CÔTE-DES-NEIGES - Manu Militari a remporté le prix Félix à l’Autre Gala de l’ADISQ pour l’album de l’année dans la catégorie hip-hop pour Marée humaine et ce, pour un deuxième disque consécutif.
En 2010, l’artiste issu de Côte-des-Neiges avait remporté ce prix pour Crime d’honneur.
Grâce aussi à sa belle plume, le rappeur a acquis une certaine notoriété avec ses chansons à textes au cours des dernières années, mais cela s’est fait au prix d’un travail très fort. Manu Militari a fait plus de 150 spectacles et vendu 40 000 albums, ce qui lui a ouvert tout grand les portes à l’Olympia avec un groupe de musiciens du groupe H’Sao venus du Tchad. Il est devenu du coup le tout premier artiste hip-hop québécois à donner un spectacle dans cette salle qui accueille les plus grands talents de la scène musicale.
Dans cette interview au Caravane Café, rue Lacombe, il s’exprime d’une voix posée légèrement gutturale avec un séduisant vibrato. Manu Militari, dans la trentaine, dégage un air sérieux et réfléchi, une certaine hésitation qui offrent un contraste étonnant à l’image stéréotypée d’artistes au style dansant qu’on peut avoir du milieu.
Le rappeur n’a jamais attendu l’appui des autres pour foncer. «Je ne veux pas tomber dans le vibe d’artiste pleurnichard. Tu travailles pour ce que tu veux obtenir. Il y a les gens qui n’ont pas la chance de faire des projets. Moi, je suis quelqu’un d’intelligent, de débrouillard. J’aurais pu être médecin si c’est ce que j’aurais voulu faire. Mais je n’ai
pas besoin d’appui, et je n’ai pas à me plaindre de ce qui se passe», dit-il.
Il a donné des spectacles au Québec un peu partout, depuis notre dernière entrevue en janvier dernier, aux Francofolies aussi. «Dans des endroits, ça
marche mieux qu’ailleurs. À Gatineau, ça marche bien. Mais ça va avec le nombre de population. Plus il y a de monde, plus c’est le fun. Ce qui n’empêche pas d’avoir quelques petits concerts très agréables aussi», nuance-t-il.

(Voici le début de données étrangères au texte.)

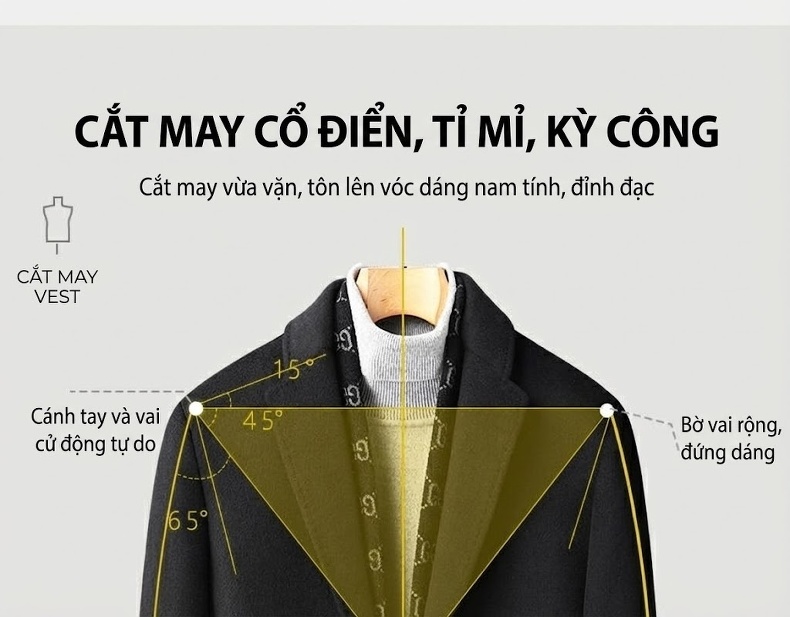 Áo Khoác Dạ Nam Dáng Dài Lót Lông Vũ Trắng Có Khăn Choàng Cổ Màu Xám, Đen chi tiết 5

Il a dû travailler fort pour obtenir ce Félix. «Je pense que j’ai eu un modèle qui était ma mère. Ma mère, c’est une guerrière. Peut-être pas rusée de la même façon que moi, mais c’est vraiment une guerrière. Elle ne m’a jamais pris en pitié. Quand j’avais un problème, elle me disait lève-toi, et travaille. Si tu veux quelque chose, va le chercher, parce que la vie c’est comme ça. Donc ça vient de là. Et en même temps, elle m’a donné beaucoup d’affection. Je pense qu’un enfant, un bébé ça a besoin d’affection. Ce n’est pas important d’avoir une belle maison, de manger du steak tous les jours», dit-il.
Il rapporte une dernière année forte d’émotions, mais il relativise son expérience et a trouvé une nouvelle force à travers les épreuves. «J’ai découvert une autre inspiration avec toute la controverse suscitée par «L’Attente» et avec une histoire que j’ai eue avec les carrés rouges. J’ai découvert la haine que tu peux recevoir. J’ai envie que les gens sachent plus clairement ce que je pense. Comme ça, il n’y a pas de quiproquo. Si mon opinion et la façon de dire des choses dérangent les gens, ils perdent leur temps à me critiquer. Je ne les critique pas. Mais je suis content de tout ce qui est arrivé, parce que ça met toutes les cartes sur table», dit-il.
«Ma vie est hyper facile si je me compare à la majorité des êtres humains sur la Terre. On vit dans l’abondance. On est assis à une table qui vaut… on ne sait pas combien. On a la chance de développer des projets. Dans 150, 160 pays, j’aurais eu la peine de mort pour ce que j’ai fait», dit-il.